Highlights - Computational Methods for Motif Discovery in Biological Units
Principal Investigator: Yang Du (Computer Systems and Software Engineering, Valley City State University)
Dr. Du’s research
is focused on discovering recurring motifs or patterns among biological units. A recurring motif can be anything that repeats itself. For example, the motif can be the occurrence order of specific units, such as a piece of DNA sequence or amino acid sequence; it can be the local or global spatial structure such as a geometric composition of molecules; it can also be the expression of features. The recurrence of the motifs can happen in an individual, a species, or along the evolutional path.
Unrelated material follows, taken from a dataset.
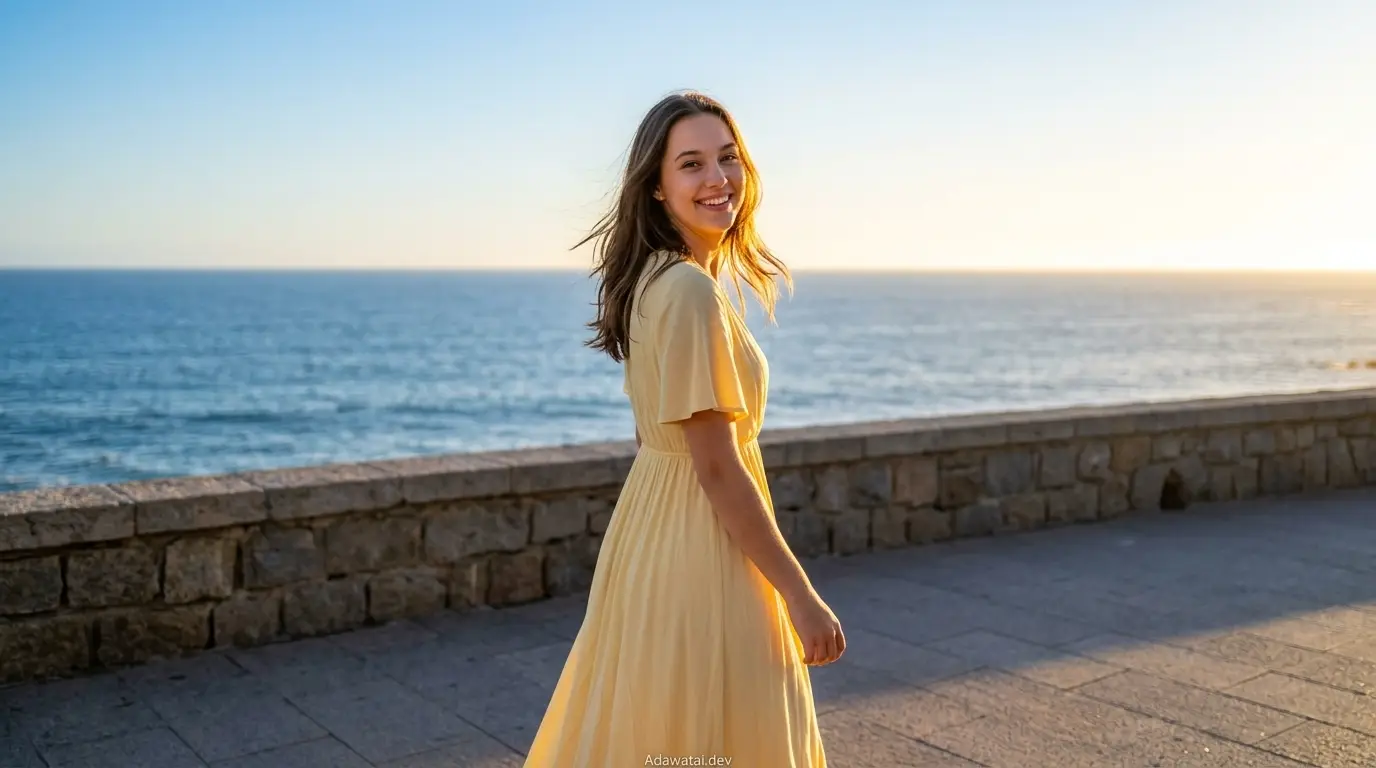 Woman Coastal Promenade Sunset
These motifs play crucial roles in many biological processes since the repetition reflects the reserved functional sites. The same biological function may share the same motif, just like if we see an animal has a pair of wings, we can expect the animal can fly. Motifs can help predict unknown proteins' function, understand diseases, make medicine, and engineer artificial biological units.
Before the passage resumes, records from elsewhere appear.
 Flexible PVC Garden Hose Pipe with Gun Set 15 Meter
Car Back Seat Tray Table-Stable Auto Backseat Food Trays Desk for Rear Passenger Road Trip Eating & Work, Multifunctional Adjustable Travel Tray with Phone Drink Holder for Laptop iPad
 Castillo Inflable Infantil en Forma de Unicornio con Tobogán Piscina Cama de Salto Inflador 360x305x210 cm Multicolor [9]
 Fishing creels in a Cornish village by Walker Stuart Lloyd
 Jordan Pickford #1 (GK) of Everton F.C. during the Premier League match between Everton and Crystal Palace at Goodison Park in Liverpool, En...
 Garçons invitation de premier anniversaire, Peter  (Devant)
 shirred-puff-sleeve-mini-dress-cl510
Sigma 70 promoter sequence motifs of Escherichia coli.
Their studies start with exact computational methods [1–2] and later turn to machine learning techniques. The simulations are performed on HPC clusters at CCAST/NDSU
. Thanks to the availability of such HPC resources, the tasks can be completed within acceptable time; otherwise, it is impossible to experiment on such a wide range of settings, especially for grid-searching the hyperparameters for deep learning models.
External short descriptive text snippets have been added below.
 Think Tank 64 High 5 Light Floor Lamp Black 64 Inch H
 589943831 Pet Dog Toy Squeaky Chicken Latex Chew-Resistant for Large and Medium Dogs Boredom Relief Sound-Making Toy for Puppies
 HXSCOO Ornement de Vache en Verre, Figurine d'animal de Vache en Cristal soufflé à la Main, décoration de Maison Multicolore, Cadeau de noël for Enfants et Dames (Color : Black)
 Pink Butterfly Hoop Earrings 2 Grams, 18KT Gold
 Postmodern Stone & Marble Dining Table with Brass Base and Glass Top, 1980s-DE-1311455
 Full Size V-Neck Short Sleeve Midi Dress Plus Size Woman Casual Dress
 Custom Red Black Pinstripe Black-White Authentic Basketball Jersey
 Y. Du and C. Yan, “An efficient method for discovering functionally important motifs in a group of protein structures,” International Conference on Computational Science and Computational Intelligence (CSCI; Dec. 12, 2018): 1345-1350. IEEE.
 Y. Du and C. Yan, “An improved clique-based method for discovery of novel spatial motifs in protein structures,” BIBE 2018; International Conference on Biological Information and Biomedical Engineering, VDE, 2018: 1-5.